Generated directories (regenerated by build scripts; the snapshots committed under rdf-vocabulary-staging/dist/ and reports/ are the most recent published artifacts and should not be edited by hand):

  • rdf-vocabulary-staging/dist/ — bundled distribution files (build-distribution.js)
  • reports/ — release detect/apply reports (detect-datacite-release.js, apply-datacite-release-plan.js)
  • production-namespace/ — production-tier copy, not committed (generate-production-namespace.sh)

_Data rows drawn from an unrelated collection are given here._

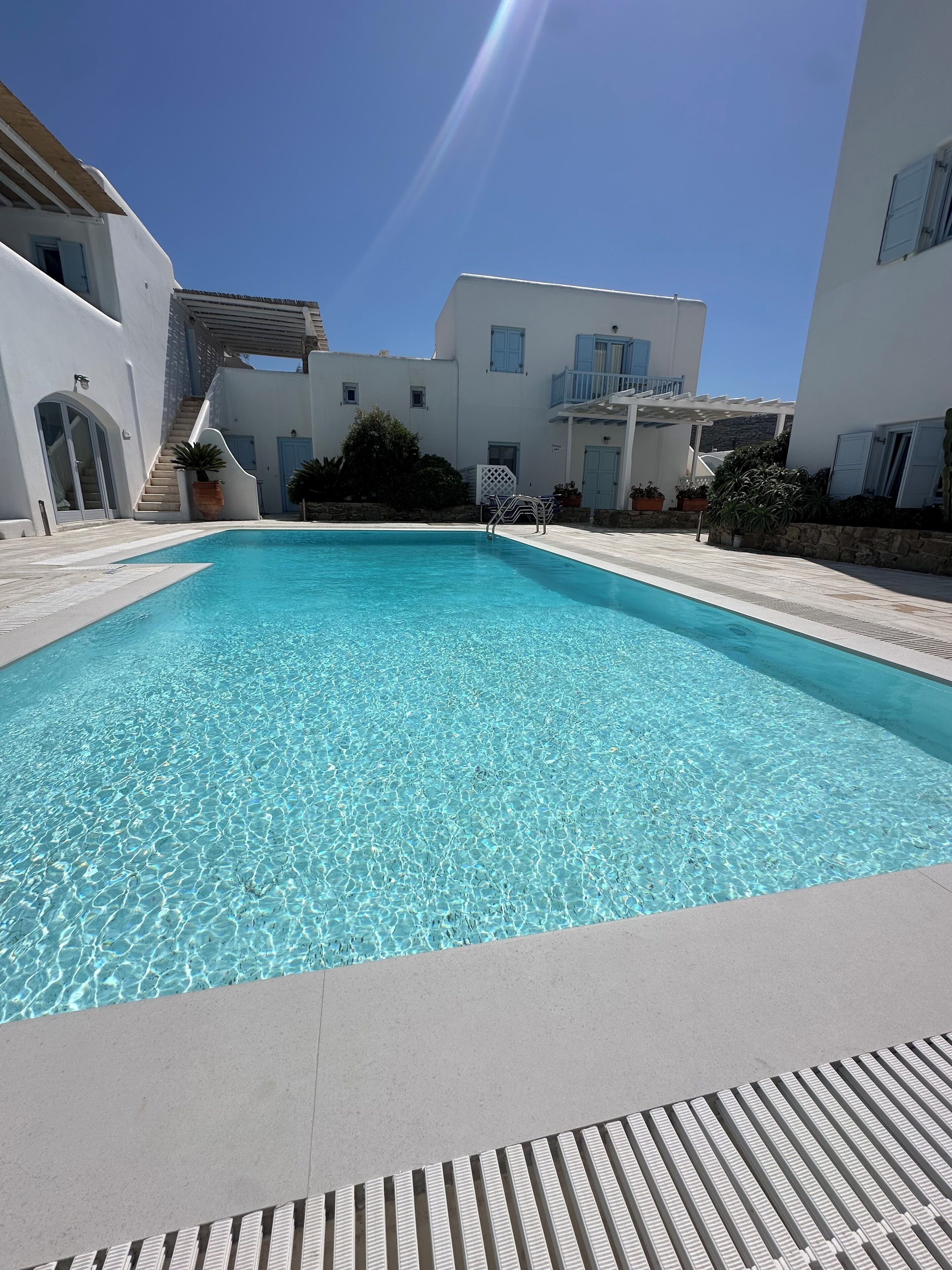 Una piscina rectangular con agua azul cristalina, rodeada por una terraza de baldosas y edificios blancos con balcones.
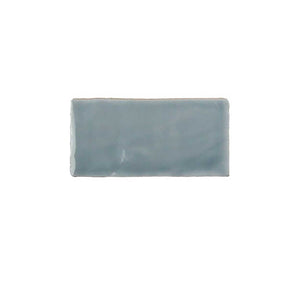 Glossy sky blue ceramic subway tile featuring handcrafted Spanish artisan texture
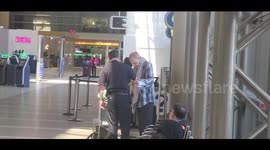 US customs agent seen aiding a homeless man without mask or gloves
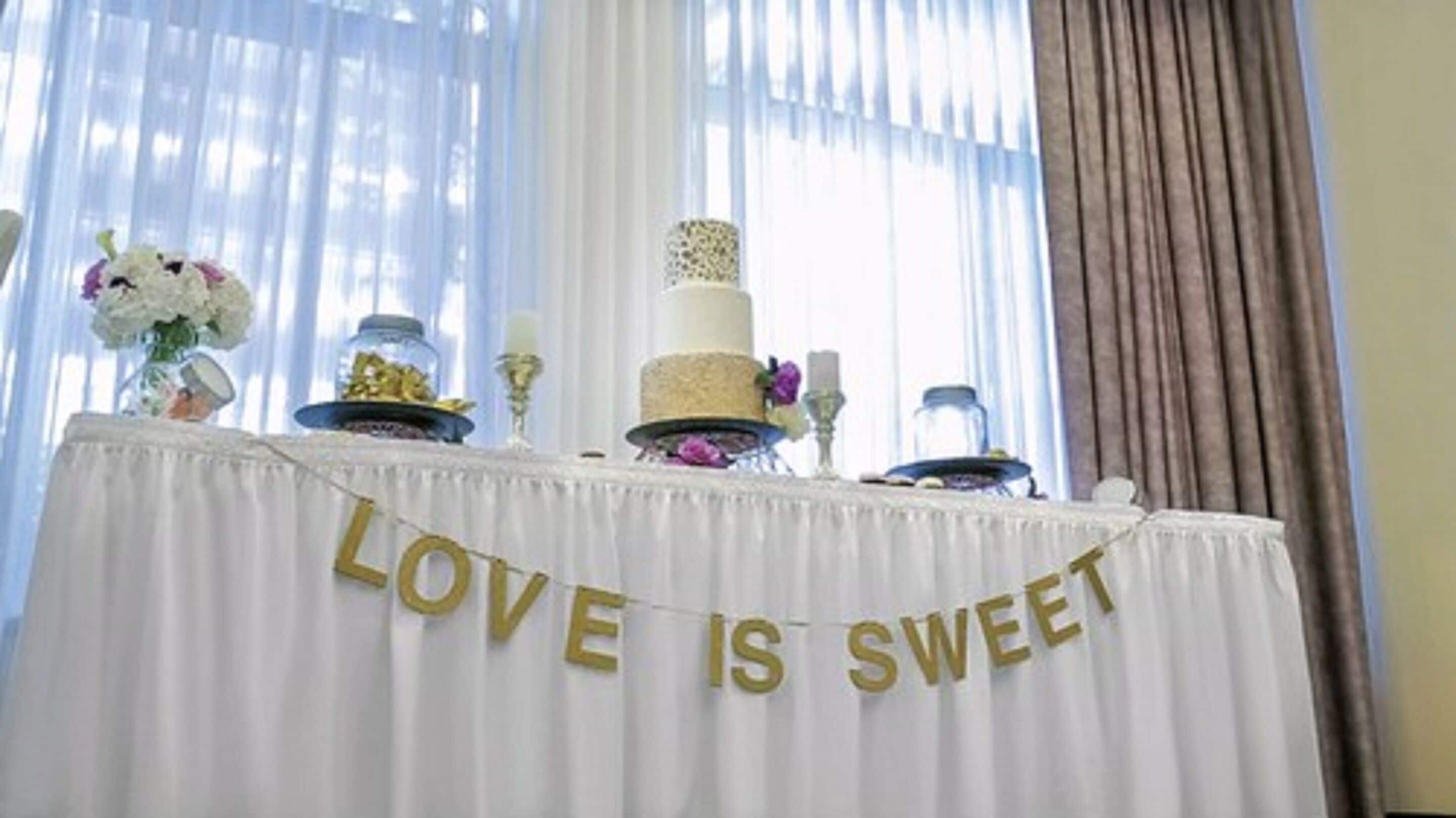 A table with a white tablecloth and a banner that reads "LOVE IS SWEET".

Namespace and resolvable IRIs

The staging namespace is rooted at https://schema.stage.datacite.org/linked-data/. Every file in rdf-vocabulary-staging/ and validation-and-conversion/schemas/schema-profiles/ declares an $id (JSON Schema) or @id (JSON-LD) whose URL path mirrors its location on disk, so a file's canonical IRI is predictable from its folder:

Resource Canonical IRI
Class …/linked-data/class/<ClassName>
Property …/linked-data/property/<propertyName>
SKOS ConceptScheme …/linked-data/vocab/<scheme>
SKOS Concept …/linked-data/vocab/<scheme>/<Term>
JSON-LD context …/linked-data/context/fullcontext.jsonld
Manifest …/linked-data/manifest/datacite-4.6.json
Schema profile …/linked-data/schema-profiles/<filename>

The GitHub Pages deploy publishes this layout so the IRIs resolve to both human-readable HTML pages and machine-readable JSON-LD. generate-production-namespace.sh creates the public namespace bundle for the planned TIB publication setup:

Layer URL
Canonical persistent namespace https://w3id.org/tib/datacite/
GitHub Pages publication backend https://tibhannover.github.io/datacite/

In that setup, RDF identifiers use w3id, while GitHub Pages serves the concrete files. For example, the canonical term IRI https://w3id.org/tib/datacite/vocab/resourceTypeGeneral/Dataset resolves through w3id to the file served at https://tibhannover.github.io/datacite/vocab/resourceTypeGeneral/Dataset.jsonld.

Shared controlled lists

Two relatedItem sub-properties reuse the controlled vocabularies of other DataCite properties — per spec, not as parallel vocabularies. The JSON-LD context (rdf-vocabulary-staging/context/fullcontext.jsonld) reflects this by pointing both @vocab bases at the canonical scheme directories:

Sub-property Reuses list from Spec reference
relatedItemType resourceTypeGeneral (vocab/resourceTypeGeneral/) 4.7 §20.a: "Use the controlled list values as stated in 10.a resourceTypeGeneral"
relatedItemIdentifierType relatedIdentifierType (vocab/relatedIdentifierType/) 4.7 §20.1.a: matches property 12.a exactly

This means a value like Dataset appearing under relatedItemType resolves to the same SKOS Concept IRI as it would under resourceTypeGeneral (…/vocab/resourceTypeGeneral/Dataset). Consumers distinguish the two usages by the predicate (property:relatedItemType vs property:resourceTypeGeneral), not the object. This eliminates the maintenance hazard of keeping two parallel vocabularies in sync as new values are added (e.g. 4.7's Poster/Presentation automatically apply to both fields).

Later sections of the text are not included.